● **Items listed in a dataset**:
==========

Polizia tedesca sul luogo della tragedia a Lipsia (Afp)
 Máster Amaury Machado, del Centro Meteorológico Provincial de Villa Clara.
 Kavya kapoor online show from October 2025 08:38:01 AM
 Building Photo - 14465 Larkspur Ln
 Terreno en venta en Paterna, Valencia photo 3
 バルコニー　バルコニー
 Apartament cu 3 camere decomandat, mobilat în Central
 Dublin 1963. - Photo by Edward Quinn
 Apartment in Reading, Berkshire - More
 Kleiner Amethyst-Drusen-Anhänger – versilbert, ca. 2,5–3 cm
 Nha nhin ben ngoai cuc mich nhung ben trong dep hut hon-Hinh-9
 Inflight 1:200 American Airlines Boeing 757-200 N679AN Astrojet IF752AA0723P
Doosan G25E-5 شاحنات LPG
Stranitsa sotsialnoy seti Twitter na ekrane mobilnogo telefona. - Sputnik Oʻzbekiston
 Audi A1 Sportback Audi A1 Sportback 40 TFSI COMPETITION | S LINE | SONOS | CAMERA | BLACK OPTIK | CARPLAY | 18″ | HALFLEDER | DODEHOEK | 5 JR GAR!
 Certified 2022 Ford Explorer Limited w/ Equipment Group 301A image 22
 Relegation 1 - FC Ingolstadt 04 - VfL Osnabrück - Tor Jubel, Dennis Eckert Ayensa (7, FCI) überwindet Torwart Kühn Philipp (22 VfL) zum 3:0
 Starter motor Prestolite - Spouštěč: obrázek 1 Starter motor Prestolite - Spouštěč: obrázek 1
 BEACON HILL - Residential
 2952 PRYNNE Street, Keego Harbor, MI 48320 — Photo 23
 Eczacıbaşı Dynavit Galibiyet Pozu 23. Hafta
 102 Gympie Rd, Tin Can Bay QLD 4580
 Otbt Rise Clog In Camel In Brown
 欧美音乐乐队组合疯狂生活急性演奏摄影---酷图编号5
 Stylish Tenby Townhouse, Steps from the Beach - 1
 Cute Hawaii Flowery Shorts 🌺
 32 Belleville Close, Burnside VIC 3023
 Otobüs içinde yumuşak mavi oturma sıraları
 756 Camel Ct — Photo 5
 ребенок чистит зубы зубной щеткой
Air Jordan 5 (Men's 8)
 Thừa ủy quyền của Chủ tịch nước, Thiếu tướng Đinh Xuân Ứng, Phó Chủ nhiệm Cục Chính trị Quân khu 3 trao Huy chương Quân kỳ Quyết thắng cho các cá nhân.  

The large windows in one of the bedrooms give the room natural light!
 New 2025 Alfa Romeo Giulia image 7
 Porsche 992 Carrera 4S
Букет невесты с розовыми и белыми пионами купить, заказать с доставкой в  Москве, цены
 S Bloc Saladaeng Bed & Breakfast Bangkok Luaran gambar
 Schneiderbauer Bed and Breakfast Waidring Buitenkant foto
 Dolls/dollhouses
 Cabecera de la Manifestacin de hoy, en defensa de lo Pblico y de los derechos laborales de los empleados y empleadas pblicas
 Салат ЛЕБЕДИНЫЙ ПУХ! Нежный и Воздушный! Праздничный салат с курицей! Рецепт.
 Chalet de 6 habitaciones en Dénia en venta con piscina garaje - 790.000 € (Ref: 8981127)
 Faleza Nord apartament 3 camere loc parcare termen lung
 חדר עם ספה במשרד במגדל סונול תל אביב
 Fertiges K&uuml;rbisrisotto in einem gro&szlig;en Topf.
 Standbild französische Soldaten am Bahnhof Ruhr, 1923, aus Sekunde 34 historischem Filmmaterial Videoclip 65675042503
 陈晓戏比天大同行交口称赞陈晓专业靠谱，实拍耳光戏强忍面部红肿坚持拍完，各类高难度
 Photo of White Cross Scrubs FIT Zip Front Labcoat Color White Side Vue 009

==========

● **TASK OBJECTIVE**: If a line above holds the string "from", return it as it stands.

● **RESPONSE**:
 Kavya kapoor online show from October 2025 08:38:01 AM
 Stylish Tenby Townhouse, Steps from the Beach - 1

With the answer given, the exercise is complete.